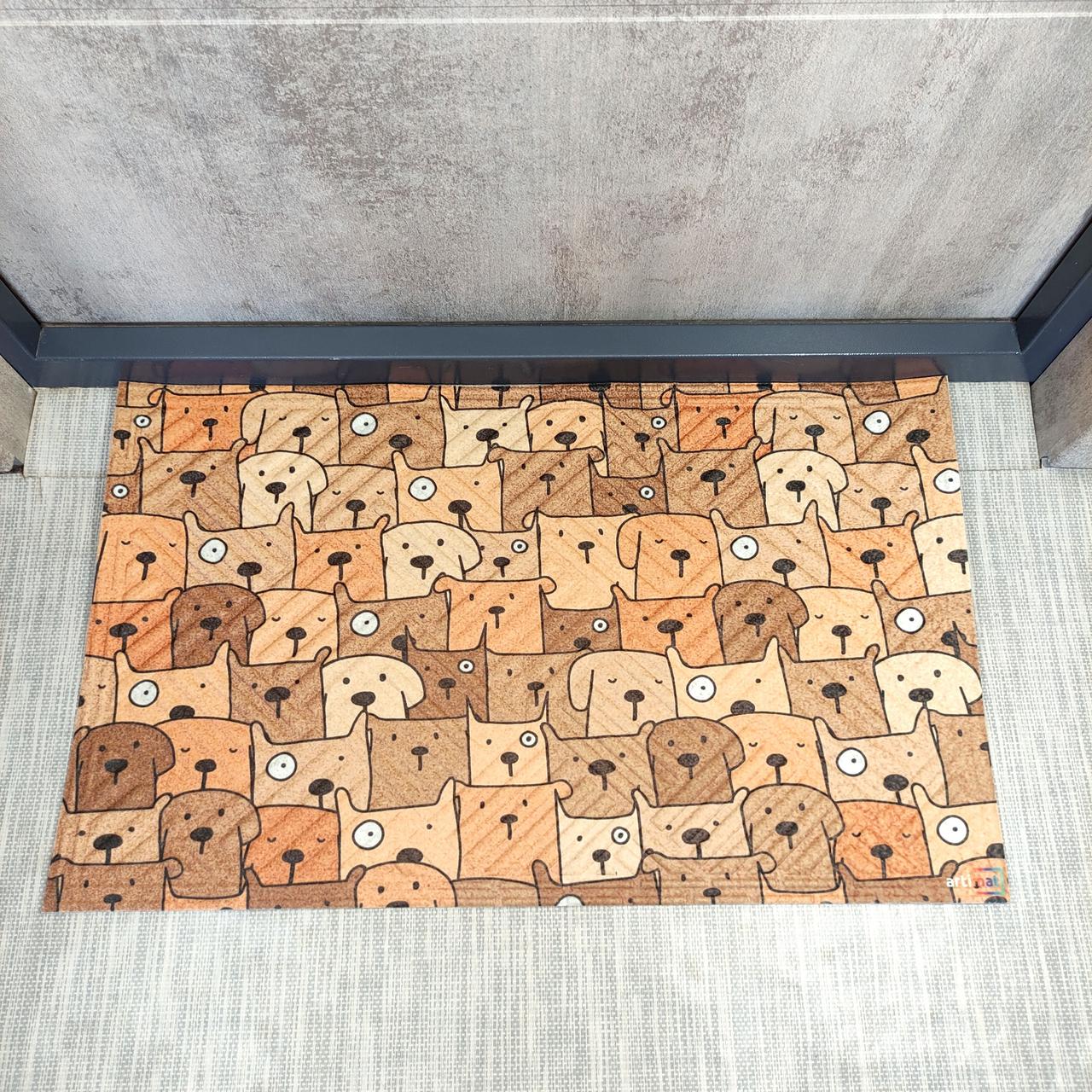 Килимок під двері з принтом в передпокій Котики та Песики, фото 1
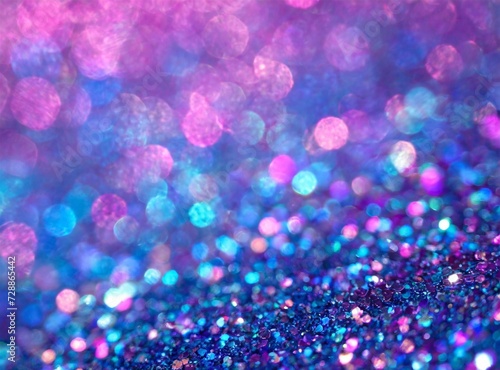 Abstract blue, purple and pink glitter lights background. Blurred bokeh. Romantic backdrop for Valentines day, women's day, holiday or event.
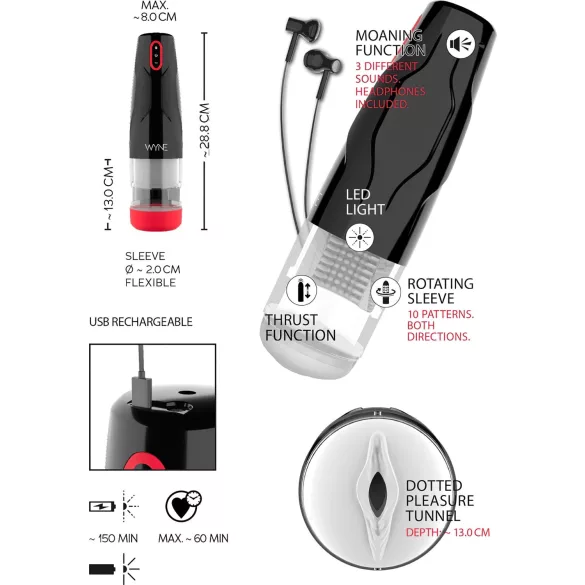 WYNE 05 - masturbateur rotatif rechargeable - noir et blanc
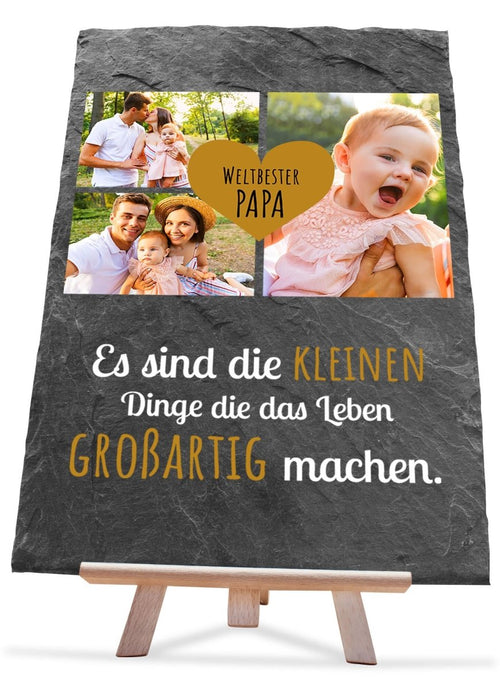 Schiefertafel Weltbester Papa mit Bildercollage, Spruch und Herz in Gelb M0314 - meinleinwand.de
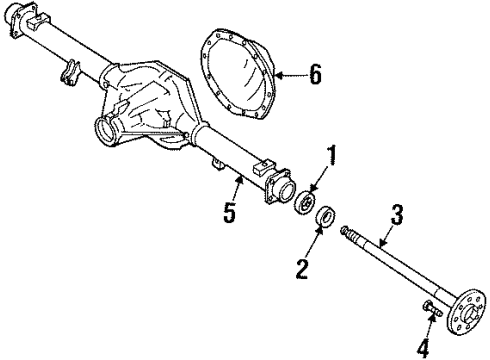 1988 Chevrolet K1500 Axle Housing - Rear Shaft, Rear Axle Diagram for 15521892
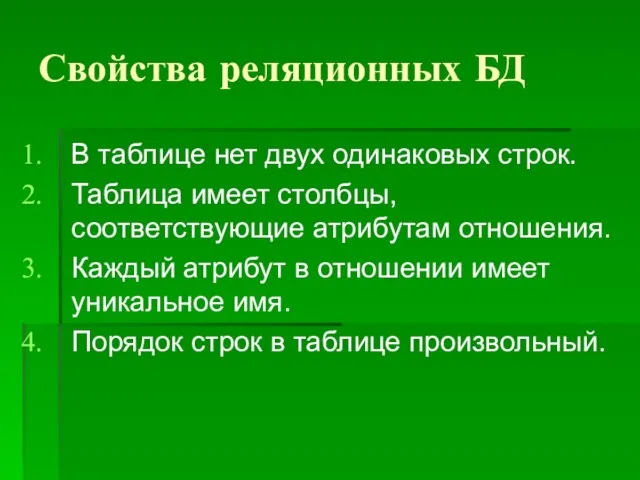 Свойства реляционных БД В таблице нет двух одинаковых строк. Таблица имеет столбцы,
****************************************
» **REQUIREMENT**:
The copy you give must run from the line containing "WYNE 05 - masturbateur" through the last line of the records, exactly, with the pictures left out.

» **EXPECTED OUTPUT**:
 WYNE 05 - masturbateur rotatif rechargeable - noir et blanc
 Schiefertafel Weltbester Papa mit Bildercollage, Spruch und Herz in Gelb M0314 - meinleinwand.de
 1988 Chevrolet K1500 Axle Housing - Rear Shaft, Rear Axle Diagram for 15521892
 Свойства реляционных БД В таблице нет двух одинаковых строк. Таблица имеет столбцы,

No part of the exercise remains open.